PROMPT:
Every line in the data below has to be repeated exactly; no picture belongs in the result.

SUPPLIED INFORMATION:
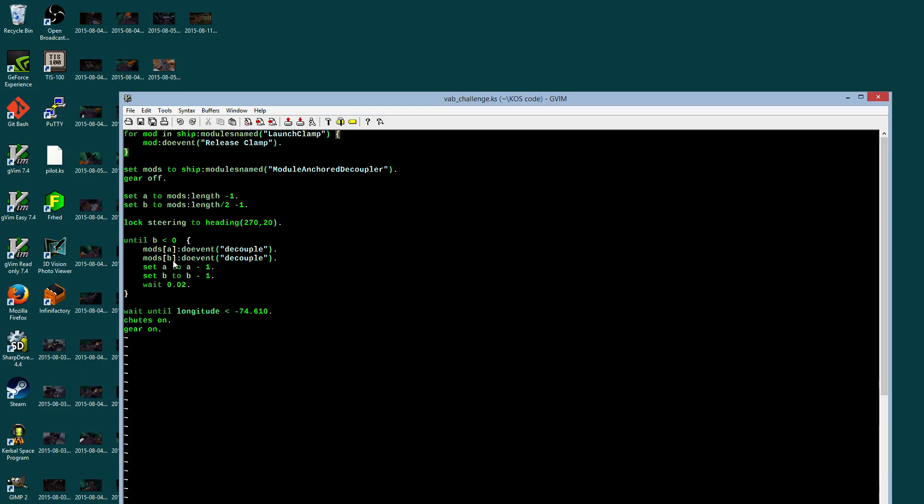And I will simply do nothing more than do a decouple of both the A position and B position, so that's at the end of the list and then halfway down the list. Subtract them, wait a moment to let the physics kick in so the decouples will actually happen, and then come back and do this again and again and again in a loop.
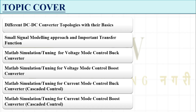The second topic is the small signal modeling approach and important transfer functions. I will give you the approach for how you can derive any particular small signal model, and based on that model how we can derive some important transfer functions. These transfer functions are required for controller tuning — when we go for tuning the controller, these transfer functions are important.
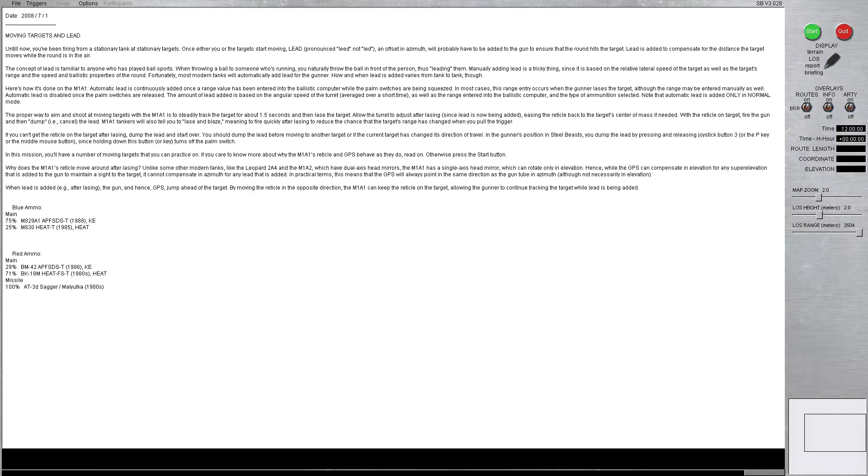M1A1 tankers will also tell you to laze and blaze, meaning to fire quickly after lazing to reduce the chance that the target's range has changed when you pull the trigger to fire the round. If you can't get the reticle on the target after lazing, dump the lead and start over. You should dump the lead before moving to another target, or if the current target has changed its direction of travel.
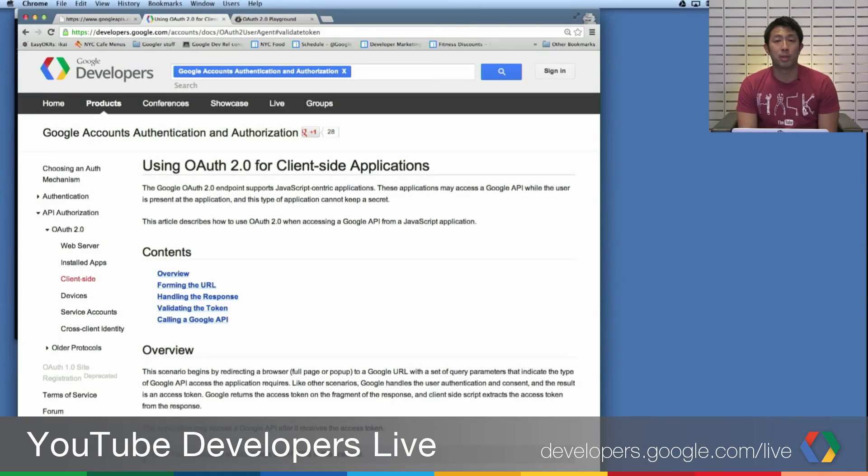Hey, everyone. Welcome to another edition of YouTube Developers Live. Today I'll be teaching you guys some tips and tricks for debugging your OAuth token when you just don't seem to be getting the right responses. So let's go ahead and switch to my screen — I'll show you some of the tools that I use when I'm debugging OAuth.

ANSWER SPACE:
And I will simply do nothing more than do a decouple of both the A position and B position, so that's at the end of the list and then halfway down the list. Subtract them, wait a moment to let the physics kick in so the decouples will actually happen, and then come back and do this again and again and again in a loop.
The second topic is the small signal modeling approach and important transfer functions. I will give you the approach for how you can derive any particular small signal model, and based on that model how we can derive some important transfer functions. These transfer functions are required for controller tuning — when we go for tuning the controller, these transfer functions are important.
M1A1 tankers will also tell you to laze and blaze, meaning to fire quickly after lazing to reduce the chance that the target's range has changed when you pull the trigger to fire the round. If you can't get the reticle on the target after lazing, dump the lead and start over. You should dump the lead before moving to another target, or if the current target has changed its direction of travel.
Hey, everyone. Welcome to another edition of YouTube Developers Live. Today I'll be teaching you guys some tips and tricks for debugging your OAuth token when you just don't seem to be getting the right responses. So let's go ahead and switch to my screen — I'll show you some of the tools that I use when I'm debugging OAuth.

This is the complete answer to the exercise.